United States of America, Appellee, v. Alexander Rogers, Defendant-appellant, 209 F.3d 139 (2d Cir. 2000)Annotate this Case
Appeal from a final judgment in the United States District Court for the District of Connecticut (Dorsey, J.), convicting defendant-appellant of conspiracy to possess cocaine with intent to distribute, in violation of 21 U.S.C. 846. On appeal, it is argued that defense counsel was conflicted by his service as one of the City of New Haven's police commissioners.
Judgment vacated and case remanded for a new trial or other further proceedings.
ALEX V. HERNANDEZ, MARK G. CALIFANO, Assistant United States Attorneys, Bridgeport, CT (Stephen C. Robinson, United States Attorney for the District of Connecticut, on the brief), for Appellee.
DAVID A. LEWIS, New York, NY (The Legal Aid Society, Federal Defender Division, Appeals Bureau, on the brief), for Defendant-Appellant.
Before: JACOBS, CALABRESI and STRAUB, Circuit Judges.
JACOBS, Circuit Judge:
Alexander Rogers was convicted by a jury in the United States District Court for the District of Connecticut (Dorsey, J.) of conspiracy to possess cocaine with intent to distribute, in violation of 21 U.S.C. 846. Between conviction and sentencing, Rogers discovered that his appointed defense counsel was serving as a City of New Haven police commissioner, and raised the issue of conflicted interest, asking that his counsel be dismissed. The district court denied Rogers's request and proceeded to sentencing.
On appeal, Rogers's new counsel argues that the conviction must be vacated and the case remanded for a new trial because the district court knew before trial that Rogers's appointed counsel was a New Haven police commissioner, ignored the conflict issue, and did not inform Rogers of it. We agree.

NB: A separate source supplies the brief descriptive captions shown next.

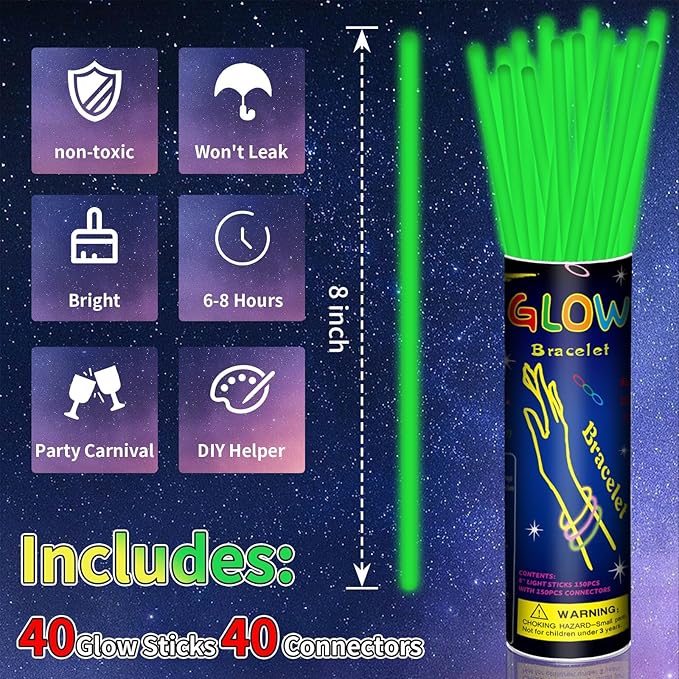40 Pack 8??Green Glow Sticks Bracelet Necklaces Bulk with 40 Connectors Neon Glow In The Dark Party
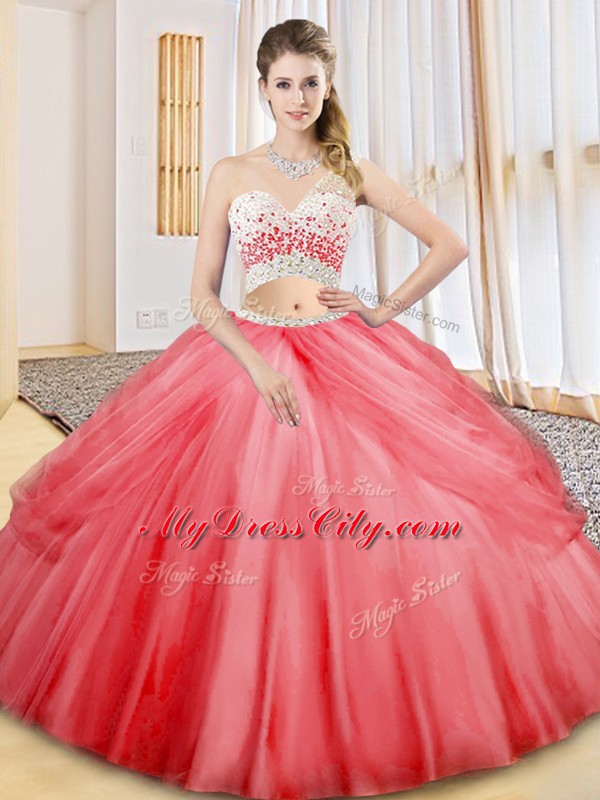 Captivating Floor Length Coral Red Sweet 16 Dresses Tulle Sleeveless Beading and Ruching and Pick Ups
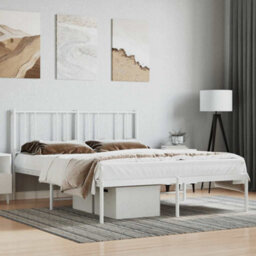 Vidaxl Metal Bed Frame Without Mattress With Headboard White 120X200Cm - thumbnail 1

Rogers's appointed trial counsel, Jonathan J. Einhorn, was simultaneously serving as one of six New Haven police commissioners whose role it is (i) to approve the police budget, (ii) to consult with the police chief about the department, (iii) to work with the police chief to make departmental rules and regulations, and to make and evaluate departmental policy, and (iv) to appoint, promote and remove police officers. We recount only the events and circumstances that may bear upon the conflict claim and that provide essential context.

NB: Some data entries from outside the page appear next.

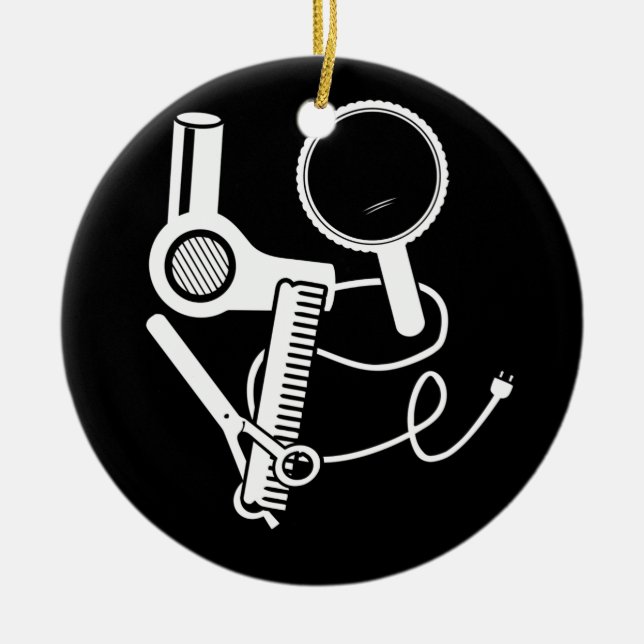 Hairdresser Kärlek Hairdryer Scissors Barber Brush Julgransprydnad Keramik (Framsidan)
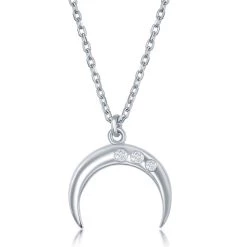 Simona women Sterling Silver 0.06cttw Diamond Italian Horn Necklace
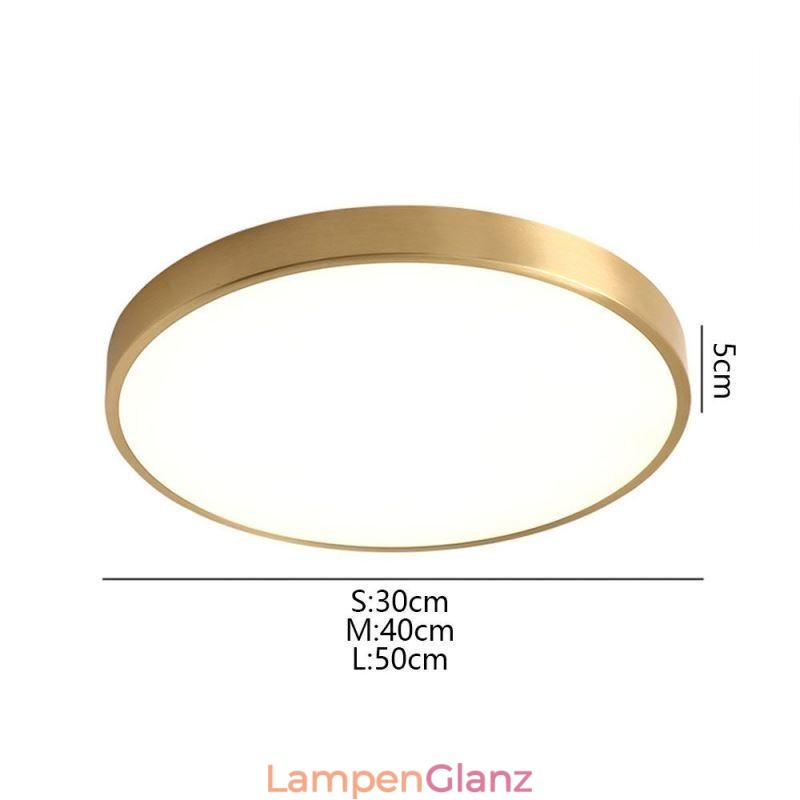 Runde, bündige, moderne Deckenleuchte aus goldenem Acryl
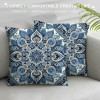 PHYHOO Navy Blue Ethnicl Floral Decorative Throw Pillow Cover, Square Pillowcase Blended Double-Sided No Inserts for Bedroom Living Room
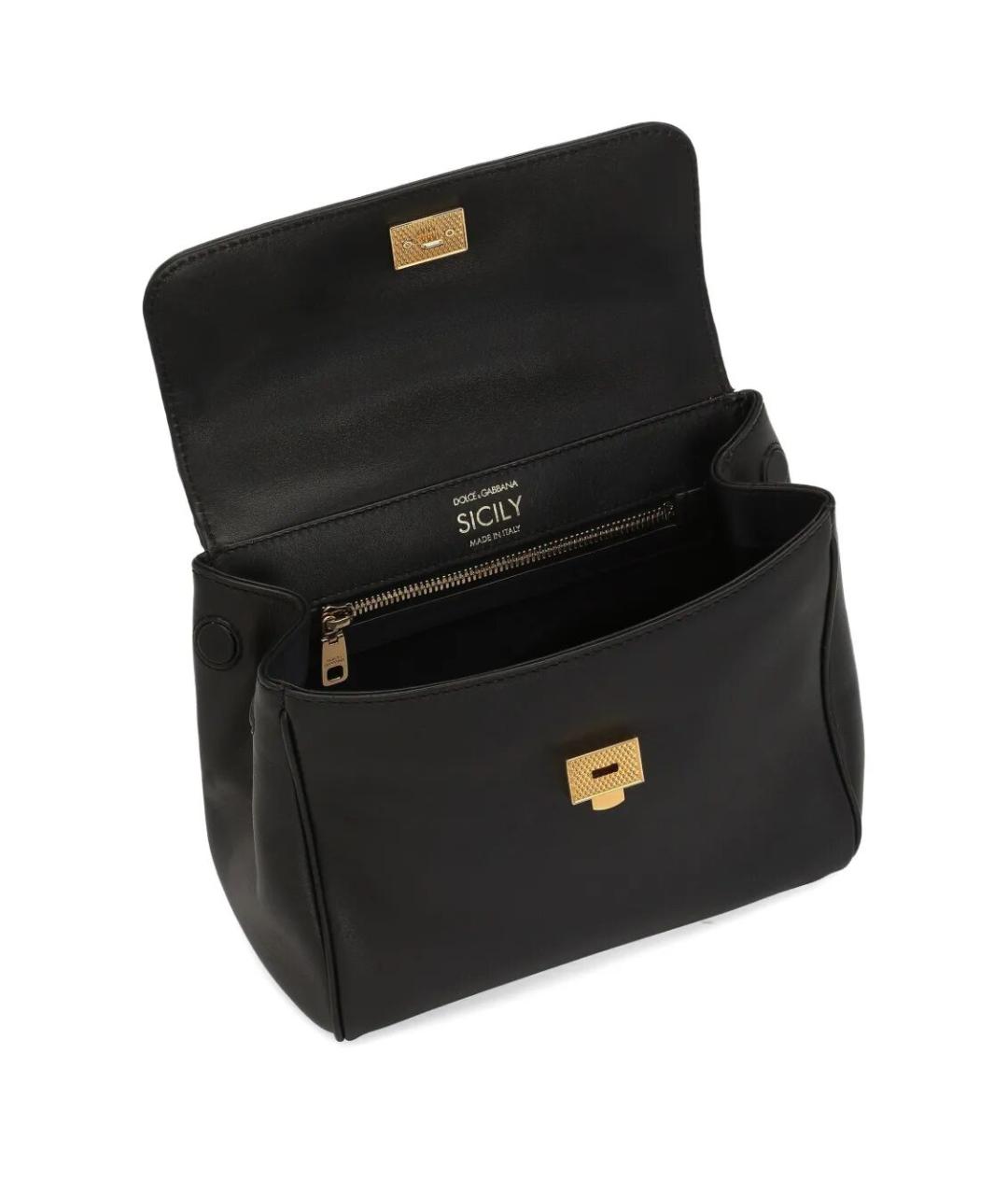 DOLCE&GABBANA Черная кожаная сумка с короткими ручками, фото 4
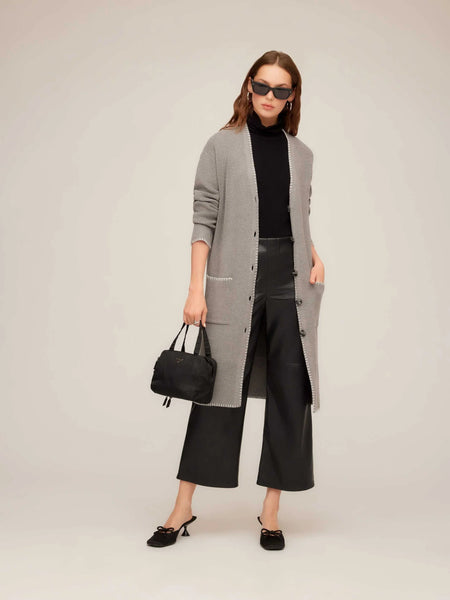 Faux Leather Cropped Pants - Black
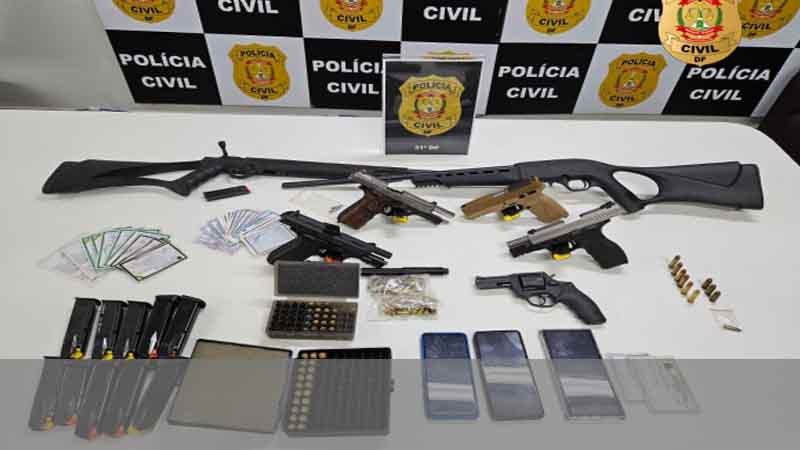 31ª DP apreende arsenal de armas de fogo de uso restrito em Planaltina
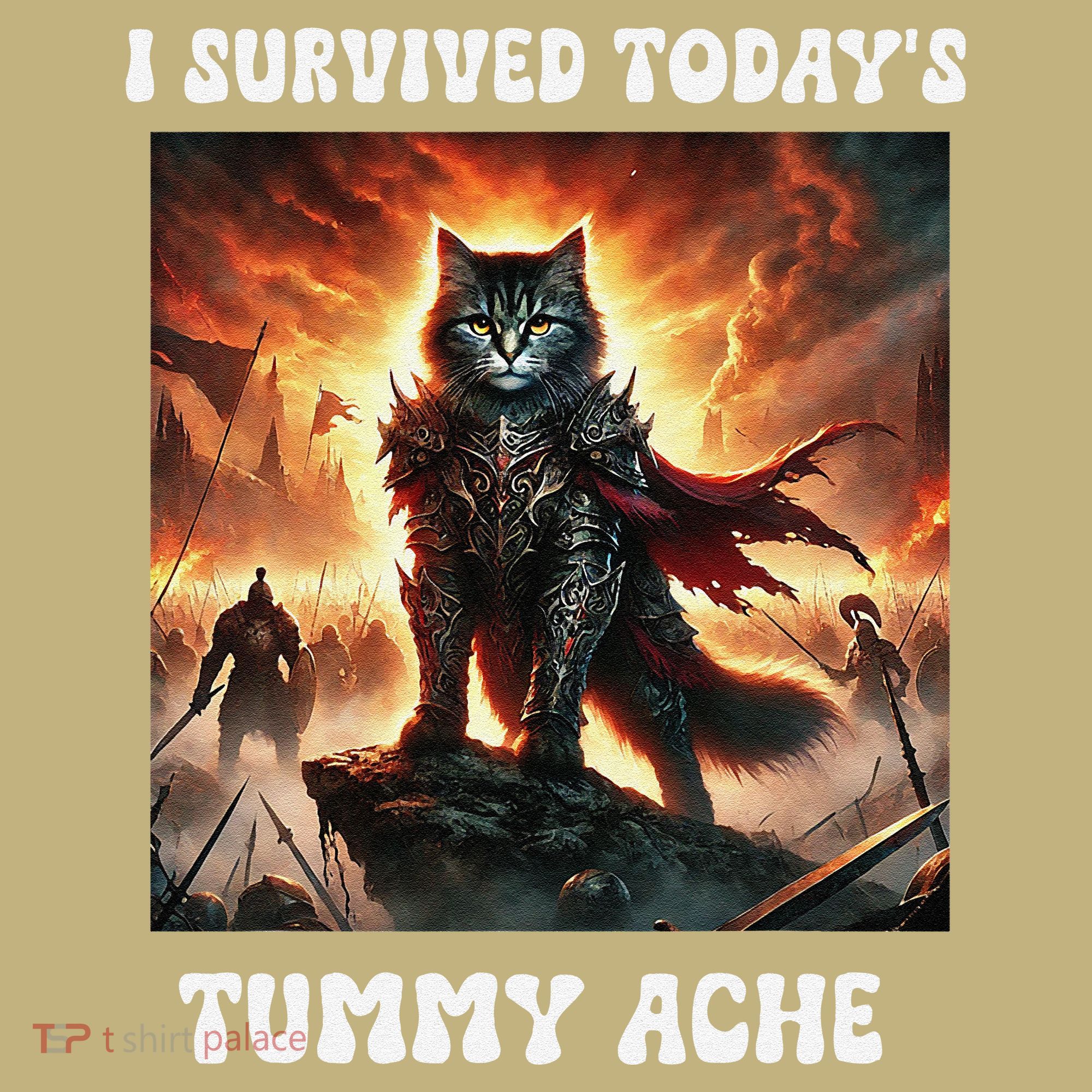 I Survived TodayS Tummy Ache Groovy Funny Cat Polo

A. Offense, Search, Arrest and Indictment.
On September 24, 1996, federal agents and officers from the New Haven Police Department appeared at Rogers's apartment in New Haven to execute arrest warrants for Gordon Lauria, Marcos Pappas and Alfred "Chicky" Bellucci. Rogers advised that he was alone and allowed Special Agent Michael Wardrop of the United States Drug Enforcement Administration to walk through the apartment (at his request) in order to confirm that no one else was there. Agent Wardrop found no one else, but as he walked around the apartment he spotted a closed-circuit television system, a pipe and a bottle of inositol, one use of which is to dilute cocaine.
Meanwhile, the same arrest warrants were being executed in a bar beneath Rogers's apartment, called Nancy's Caf. After the two law enforcement groups consulted about their results, Agent Wardrop presented Rogers with a search consent form, which Rogers eventually signed after speaking with several of the agents and police officers. The search yielded a television monitor and four closed-circuit cameras, plastic sandwich bags, inositol, a police scanner, night-vision goggles, cheesecloth, high-power firecrackers, a pipe, silicate packaging and white powder that later tested positive for cocaine. Rogers was arrested.

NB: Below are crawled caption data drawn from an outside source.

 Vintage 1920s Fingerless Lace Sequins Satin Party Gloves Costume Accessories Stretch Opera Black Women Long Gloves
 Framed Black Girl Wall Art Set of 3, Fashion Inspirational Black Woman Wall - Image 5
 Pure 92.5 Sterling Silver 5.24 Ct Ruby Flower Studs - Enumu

Rogers, Lauria and Pappas were indicted for conspiracy to possess and distribute cocaine from December 1994 through September 24, 1996. The indictment also charged that Lauria and Pappas conspired to and (with Bellucci) did retaliate against a government witness.
B. Motion to Suppress and Trial.
The case proceeded to a joint trial against Rogers, Lauria and Pappas. Bellucci pled guilty to retaliating against a witness and cooperated with the government.
In a pre-trial motion to suppress the evidence seized from his apartment, Rogers argued that the search consent form was signed under duress exerted by the police. The district court did not credit Rogers's testimony, and denied the motion.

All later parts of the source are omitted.